In [1]:
import pyspark
sc = pyspark.SparkContext('local[*]')

In [2]:
!rm -rf metastore_db/*.lck

from pyspark.sql import SQLContext
sqlc = SQLContext(sc)

In [3]:
from pyspark.mllib.util import MLUtils

data = MLUtils.loadLibSVMFile(sc, "sample_libsvm_data.txt").toDF()
data = MLUtils.convertVectorColumnsToML(data)

In [4]:
data.show(5)

+--------------------+-----+
|            features|label|
+--------------------+-----+
|(692,[127,128,129...|  0.0|
|(692,[158,159,160...|  1.0|
|(692,[124,125,126...|  1.0|
|(692,[152,153,154...|  1.0|
|(692,[151,152,153...|  1.0|
+--------------------+-----+
only showing top 5 rows



## Evaluation

### Binary Classification

In [5]:
from pyspark.ml.classification import LogisticRegression
from pyspark.ml.classification import BinaryLogisticRegressionSummary

trainingData, testData = data.randomSplit([0.7, 0.3])

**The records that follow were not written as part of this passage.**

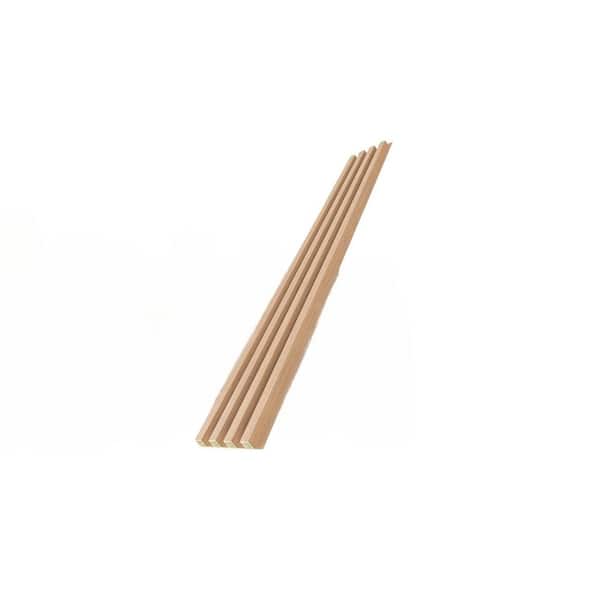 Afoxsos Brown Slat Wall Panels and Accent Decorative with Acoustic Wood Slats for Wall and Ceiling, Acoustic Panels for Oak
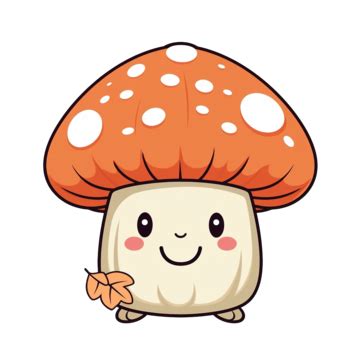 Cute Halloween Cartoon Mushroom Vector Clipart, Kawaii Halloween ...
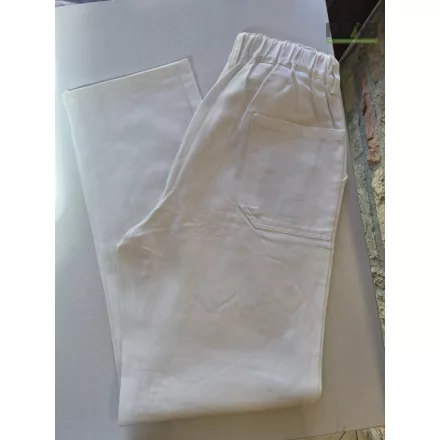 54-es méretű Monitex fehér derekas nadrág 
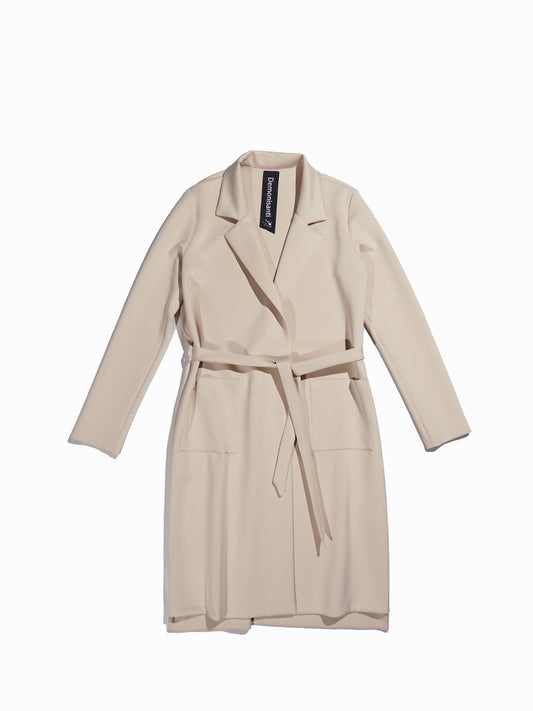 Trench Annabelle in neoprene VANIGLIA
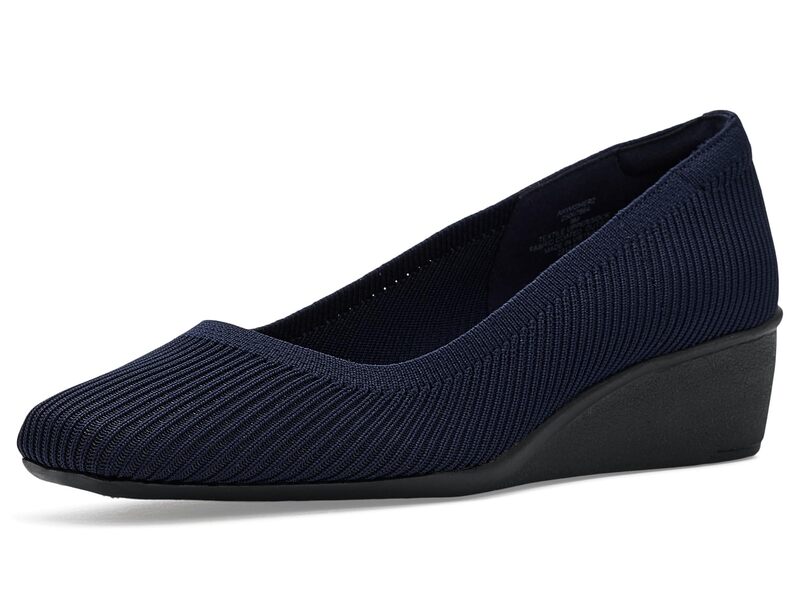 アンクライン レディース シューズ ヒール Anne Klein Wisher Navy Knit ネイビー｜ReVida 店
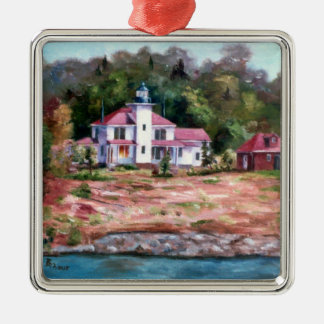 Raspberry Lighthouse Metal Tree Decoration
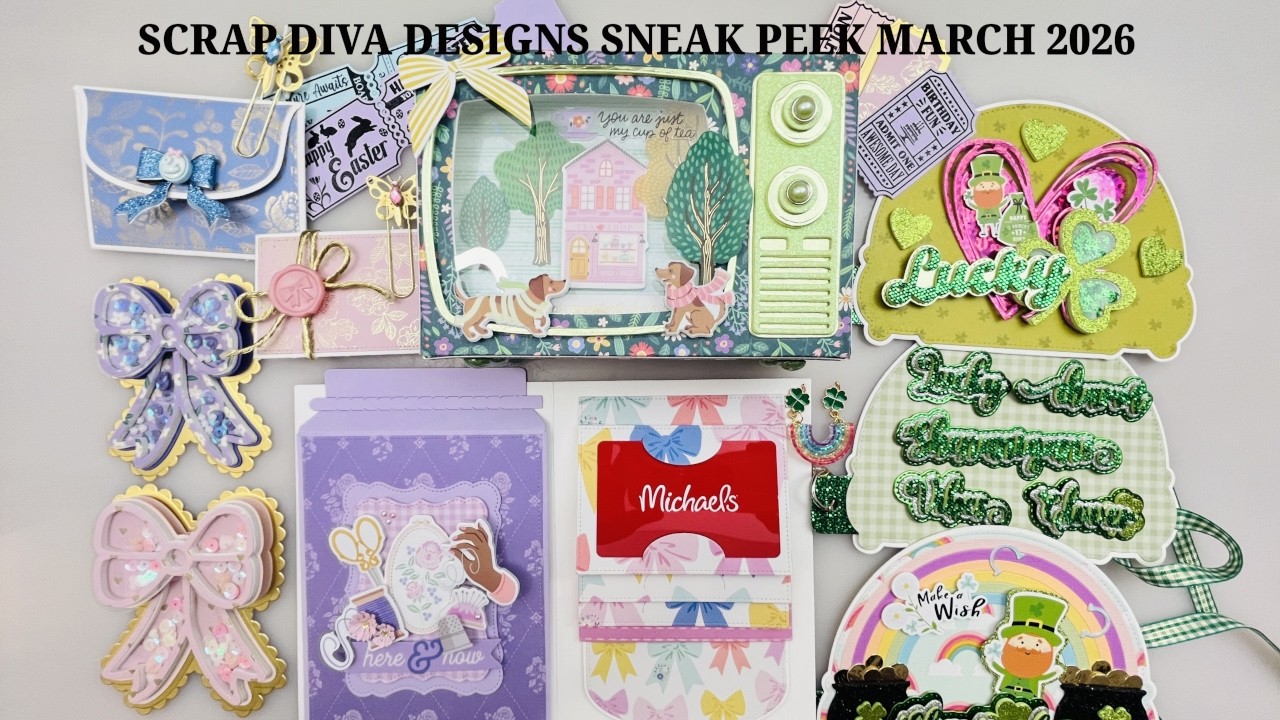 Предварительный показ проектов марта 2026 года #sneakpeek #scrapdivadesigns @ScrapDiva29 #papercr...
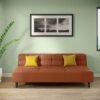 Interio by Godrej Suez 3-Seater Synthethic Leather Sofa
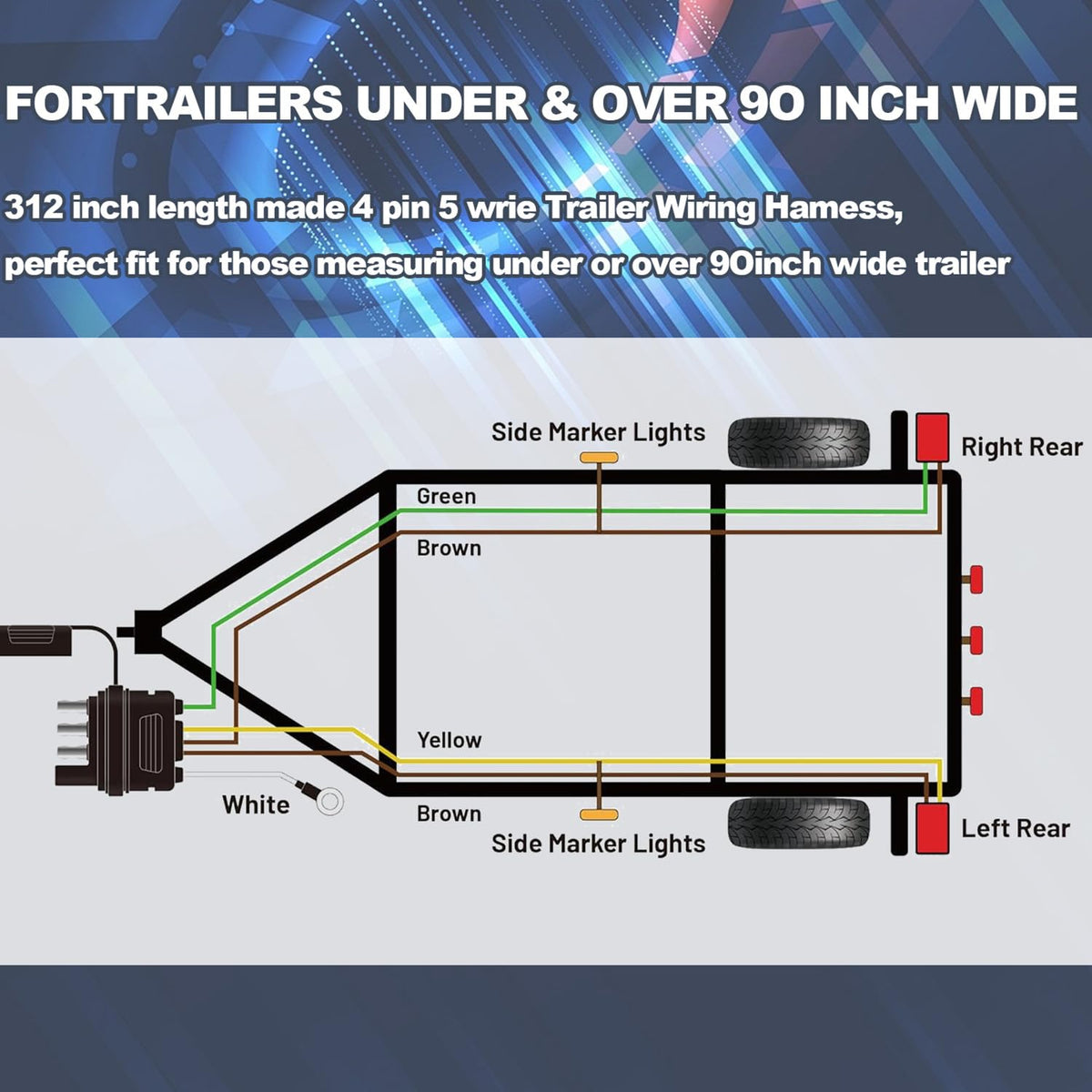 WALSIO Y-harness split detail showing separate left and right routing benefit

logr = LogisticRegression().setMaxIter(10).setRegParam(0.3).setElasticNetParam(0.8)

logrModel = logr.fit(trainingData)

print("Weights: %s Intercept: %s" % (logrModel.coefficients, logrModel.intercept))

Weights: (692,[235,243,244,271,272,273,300,301,323,328,350,351,356,372,373,378,379,385,400,405,406,407,413,427,428,433,434,435,455,456,461,462,483,484,489,490,496,511,512,517,539,540,568],[-9.92459585713e-05,-7.44271434606e-05,-0.00014946668662,-8.6967482907e-06,-0.000333320469687,-1.92548634575e-05,-0.000374657909184,-5.83975274944e-05,1.85147640777e-05,-0.000169305742381,4.08441117653e-05,9.64558496765e-05,-4.68086020898e-05,-8.783272557e-05,-3.61104292768e-05,0.000170455837293,0.000114090039273,-4.36014282826e-05,-8.45178184506e-05,8.85236144315e-05,0.000806253528489,0.000306768274123,-7.80793924807e-05,-5.83311217755e-06,-7.96741259275e-05,0.000293854701602,0.000921747131981,0.000120244897667,-0.000152916771459,-7.85612401905e-05,0.000168090224153,0.000879306698266,-0.000410431307045,-4.55008151983e-05,0.000159085881894,0.000189891435973,-9.17662279933e-05,-0.000490257348971,-0.00032795102547,0.000169783642593,-0.0007204108039,-0.000430967786898,-0.000331023310072]) Intercept: 0.19

In [6]:
from pyspark.ml.evaluation import BinaryClassificationEvaluator

predictionsLogR = logrModel.transform(testData)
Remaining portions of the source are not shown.